Avant leur départ, ses parents avaient tout organisé pour elle : un décorateur viendrait la conseiller, des ouvriers feraient les travaux. Un cadeau qu’ils lui faisaient.
Elle s’en remettrait pour les transformations à ce que ses parents avaient décidé pour elle, comme ils l’avaient toujours fait pour tout, des menus quotidiens à l’organisation des week-ends, jusqu’aux vêtements qu’elle portait qu’elle ne choisissait qu’avec sa mère, sur catalogues, Daxon, Taillissime … qu’il fallait parfois renvoyer : pas facile de s’habiller quand on porte du 50 et du 105F. Des chiffres à l’origine de tout ses complexes.
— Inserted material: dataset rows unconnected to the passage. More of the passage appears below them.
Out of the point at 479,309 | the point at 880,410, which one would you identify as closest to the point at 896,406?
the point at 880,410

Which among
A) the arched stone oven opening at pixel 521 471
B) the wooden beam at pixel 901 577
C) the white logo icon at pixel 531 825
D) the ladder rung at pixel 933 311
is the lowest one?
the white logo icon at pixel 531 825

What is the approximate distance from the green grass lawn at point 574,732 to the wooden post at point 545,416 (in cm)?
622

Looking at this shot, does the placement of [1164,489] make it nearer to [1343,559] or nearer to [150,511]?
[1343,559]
Elle s’était angoissée toute la semaine de ce rendez-vous avec le décorateur qui viendrait samedi, les ouvriers ensuite. Plusieurs fois elle a pensé téléphoner pour annuler : ces gens qui viendraient chez elle, à qui il faudrait parler, qui poseraient des questions, qui la regarderaient, qui seraient chez elle en son absence, qui envahiraient son intimité …
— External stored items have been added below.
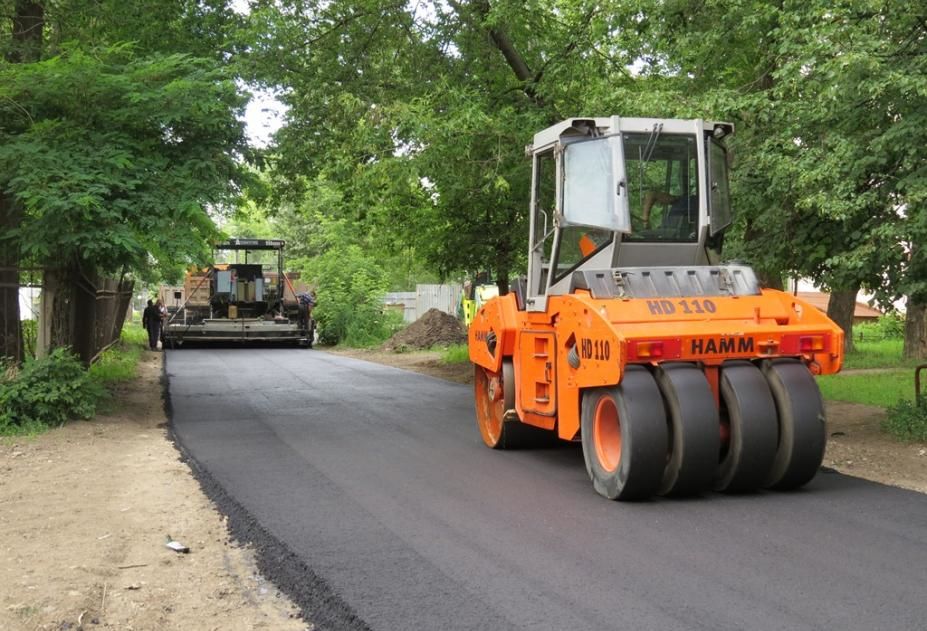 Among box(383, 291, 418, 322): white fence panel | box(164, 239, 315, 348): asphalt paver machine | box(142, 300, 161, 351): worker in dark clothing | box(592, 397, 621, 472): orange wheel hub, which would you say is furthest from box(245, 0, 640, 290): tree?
box(383, 291, 418, 322): white fence panel

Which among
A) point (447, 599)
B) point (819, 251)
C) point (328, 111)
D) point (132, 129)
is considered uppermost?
point (328, 111)

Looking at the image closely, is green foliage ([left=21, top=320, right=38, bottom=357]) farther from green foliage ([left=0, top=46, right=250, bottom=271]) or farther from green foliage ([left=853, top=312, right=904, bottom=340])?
green foliage ([left=853, top=312, right=904, bottom=340])

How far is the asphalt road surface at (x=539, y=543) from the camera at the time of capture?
490 centimetres

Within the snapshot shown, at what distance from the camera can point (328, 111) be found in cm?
1605

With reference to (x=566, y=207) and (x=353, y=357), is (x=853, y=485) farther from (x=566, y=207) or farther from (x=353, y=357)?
(x=353, y=357)

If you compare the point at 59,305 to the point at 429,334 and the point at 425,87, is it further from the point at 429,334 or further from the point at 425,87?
the point at 429,334

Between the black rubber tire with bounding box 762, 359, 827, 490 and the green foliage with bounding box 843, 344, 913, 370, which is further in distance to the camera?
the green foliage with bounding box 843, 344, 913, 370

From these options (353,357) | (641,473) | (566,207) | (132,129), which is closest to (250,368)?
(353,357)

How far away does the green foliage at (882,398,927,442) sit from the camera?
9.95 m

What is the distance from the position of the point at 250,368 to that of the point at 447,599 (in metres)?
16.6

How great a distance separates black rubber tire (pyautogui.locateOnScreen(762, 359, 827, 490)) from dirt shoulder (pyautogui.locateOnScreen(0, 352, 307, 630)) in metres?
3.99

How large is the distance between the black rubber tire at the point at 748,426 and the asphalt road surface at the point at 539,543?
0.21m

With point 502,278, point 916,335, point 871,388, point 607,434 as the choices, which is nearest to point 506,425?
point 607,434

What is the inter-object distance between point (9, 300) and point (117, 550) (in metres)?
7.77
Le décorateur est venu en fin de matinée.
Elle s’est empressée d’éteindre la télé au premier coup de sonnette … la série qu’elle ne manque jamais, Drop Dead Diva, cette fille qui lui ressemble … comme ces autres filles qu’elle regarde sur internet, ces « chubby girls» qui accompagnent ces fantasmes plus souvent depuis qu’elle n’a plus besoin d’attendre tard dans la nuit pour se connecter, pour ouvrir la grande malle de fer au pied de son lit …
Elle a mis un pantalon noir et sa tunique imprimée qui descend à mi-cuisses, s’est un peu maquillée.
Pour séduire ? Mais non !
Pour être vue autrement qu’elle-même ne se voit … Plaire ? Elle n’y pense pas, n’y pense plus. Juste ne pas voir dans les yeux de celui qui viendra le regard que lui renvoie son miroir.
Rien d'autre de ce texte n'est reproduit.